The three-judge panel issued a two-page order granting the Trump administration’s request to stay U.S. District Judge Amy Berman Jackson’s ruling on Saturday that Dellinger’s termination was illegal.

“This order gives effect to the removal of appellee from his position as Special Counsel of the U.S. Office of Special Counsel,” the panel said. “Appellants have satisfied the stringent requirements for a stay pending appeal.”

While oral arguments have yet to be scheduled, the case will be heard by U.S. Circuit Judges Karen Henderson, Patricia Millett and Justin Walker, a George H.W. Bush, Barack Obama and Trump appointee, respectively. 

The panel laid out an expedited briefing schedule, with oral arguments to be scheduled after the government’s final brief on April 11. The panel said in its order that an opinion was forthcoming.

Dellinger’s termination, relayed in a one-sentence email on Feb. 7, was the first of Trump’s firing spree to reach the U.S. Supreme Court after Trump asked for emergency intervention to block Jackson’s first pause on the firing. 
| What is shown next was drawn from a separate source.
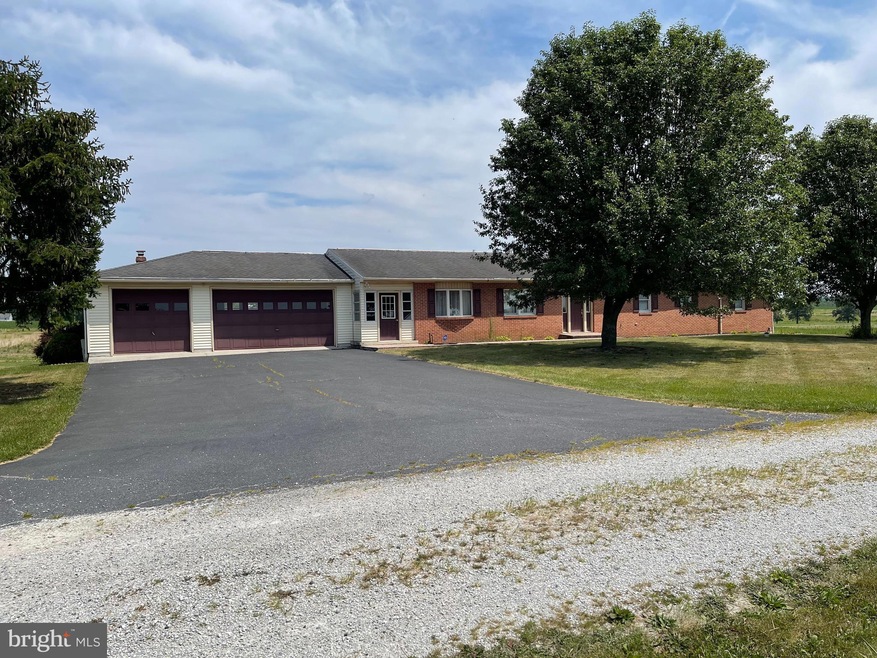 101 Belmont Rd, Gettysburg, PA 17325 - photo 1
The appeal reached the high court after another D.C. Circuit panel — consisting of U.S. Circuit Judges Gregory Katsas, Michelle Childs and Florence Pan — dismissed the appeal for lack of jurisdiction over Jackson’s emergency relief. 

The high court punted Trump’s appeal until Feb. 26, when Jackson extended her order through Saturday, which Trump immediately appealed again. 
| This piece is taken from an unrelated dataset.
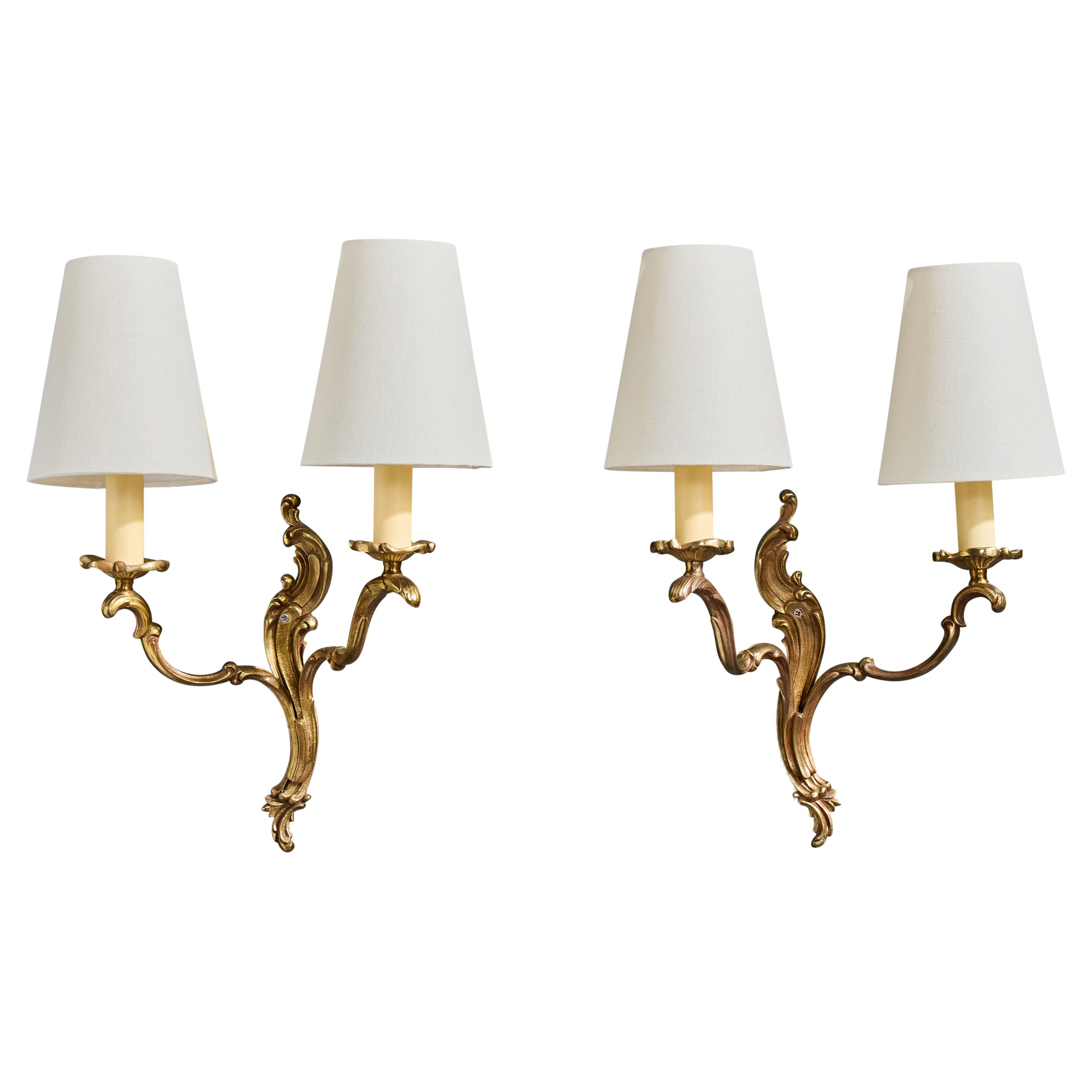 Designer francese, lampade da parete, ottone, tessuto, Francia, anni
1960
The Justice Department argued in its motion for an expedited stay that Jackson’s decision preventing Dellinger’s removal was an offense to the separation of powers and infringed on the president’s constitutional authority. 
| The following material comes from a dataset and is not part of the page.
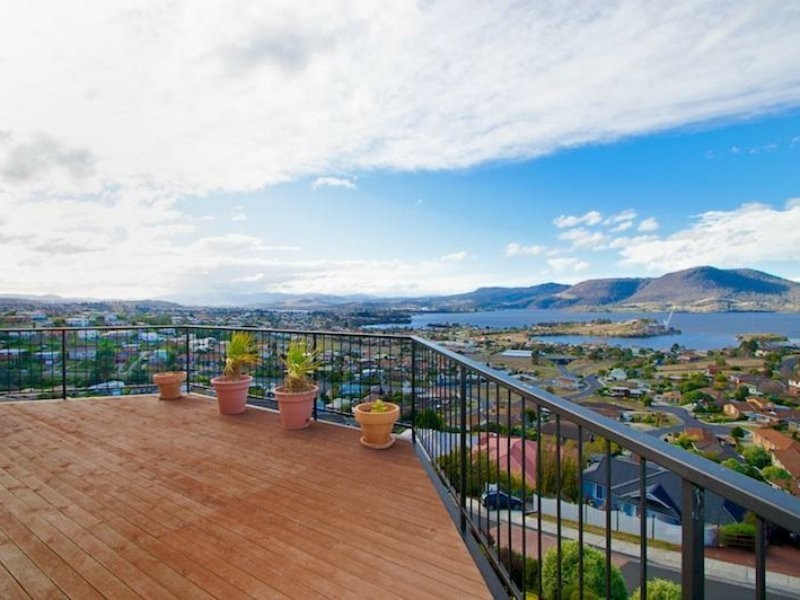 10 Nathan Street, Berriedale TAS 7011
The government cited Trump-appointee Katsas’ dissent in the Feb. 15 dismissal, where he said Dellinger’s restatement “irreparably impinges on the ‘conclusive and preclusive’ power through which the president controls the executive branch.”

Katsas’ dissent drew such concrete executive power from the Supreme Court’s landmark 2024 decision Trump v. United States, which granted the president at least presumptive immunity from criminal prosecution on the basis that charges would chill the commander-in-chief from acting decisively.

In her Saturday ruling, Jackson said that Trump could legally fire Dellinger only for inefficiency, neglect of duty or malfeasance in office under the Whistleblower Protection Act of 1989. 

She expressed concern that, by allowing Trump “unfettered authority” to fire Dellinger without reason, the watchdog’s independence would be destroyed, a key feature of the agency created explicitly to investigate claims of wrongdoing and whistleblower retaliation at federal agencies.

Dellinger used his short stint back in his role to investigate Trump’s mass firings of federal workers at several independent agencies, including more than 5,600 probationary employees at the U.S. Department of Agriculture. 

Dellinger, whose role does not have enforcement power, petitioned the Merit Systems Protection Board regarding the USDA employees. 

The normally three-person board — Raymond Limon announced his retirement on Friday — deemed the terminations illegal and placed a 45-day bar on their implementation. 

Cathy Harris, chair of the employee appeals board, has similarly been targeted by Trump for termination. U.S. District Judge Rudolph Contreras ruled Tuesday that her removal was illegal and reinstated her.

The Justice Department also appealed the Obama appointee’s decision to the D.C. Circuit, but a panel has yet to be assigned. 

Before the D.C. Circuit’s decision Wednesday evening, Dellinger indicated he would seek similar short-term protections for other probationary employees facing termination. 

“I am calling on all federal agencies to voluntarily and immediately rescind any unlawful terminations of probationary employees,” Dellinger said in a statement earlier Wednesday. 

Dellinger’s case, when it eventually reaches the Supreme Court in full, is expected to present an opportunity for the high court to either overturn or strengthen the landmark 1935 case Humphrey’s Executor v. United States, which has long limited the president’s ability to remove independent agency heads. 

That decision would impact Trump’s dismissals of members from the National Labor Relations Board, the Federal Labor Relations Authority, the Merit Systems Protection Board and the U.S. Privacy and Civil Liberties Oversight Board.